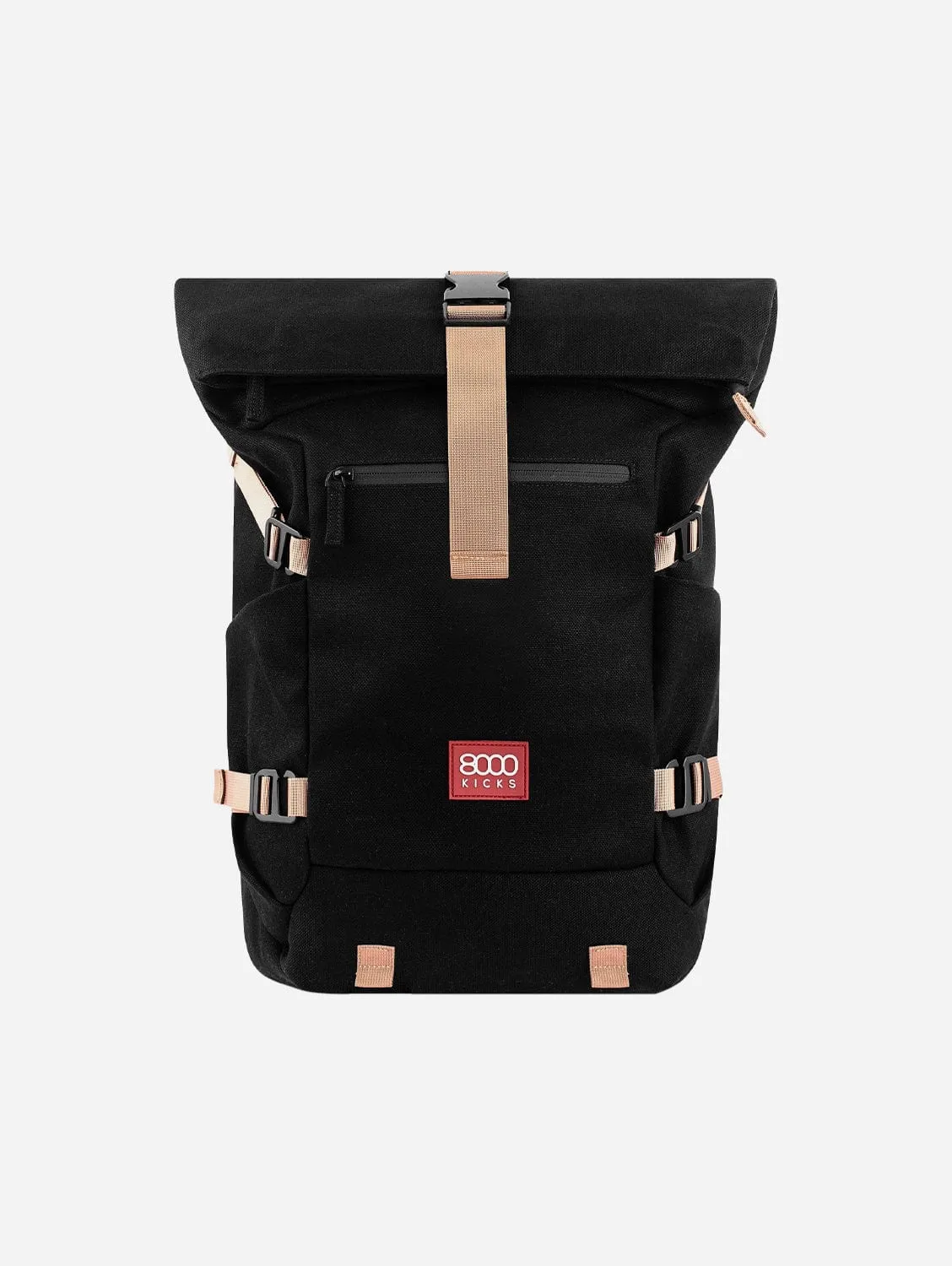 Nomad Vegan Hemp Backpack | Black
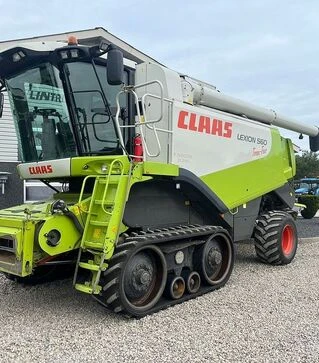Зерноуборочный комбайн Claas Lexion 560, 2008 г.в, 3788 м/ч, б/у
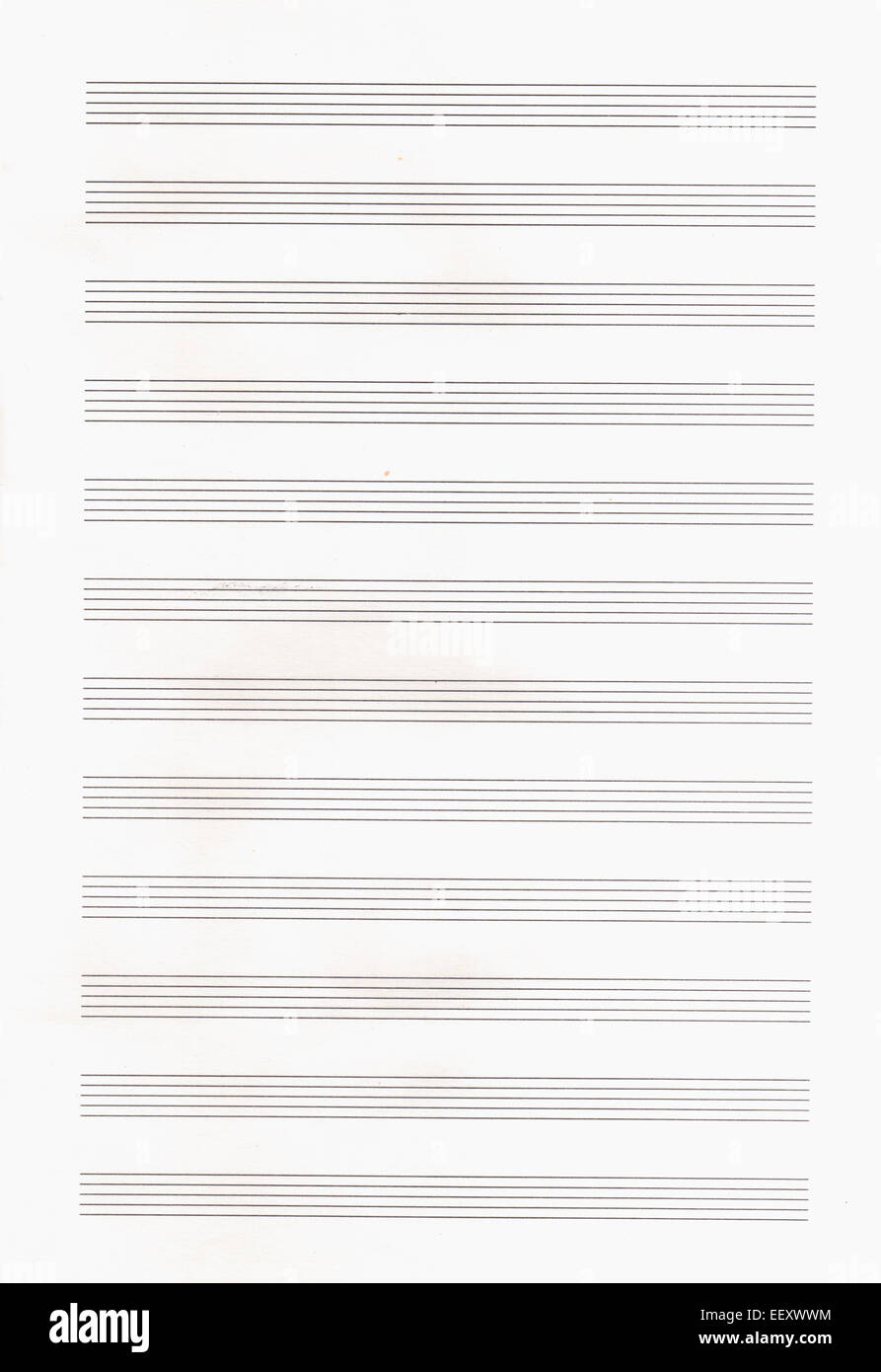 Parchment paper sheet music hires stock photography and images Alamy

▶ [Try it]: Leaving the pictures aside, transcribe only the lines from the one containing "Зерноуборочный комбайн Claas" to the final line of the listing above, inclusive, exactly as they appear.

▶ [Written reply]:
Зерноуборочный комбайн Claas Lexion 560, 2008 г.в, 3788 м/ч, б/у
 Parchment paper sheet music hires stock photography and images Alamy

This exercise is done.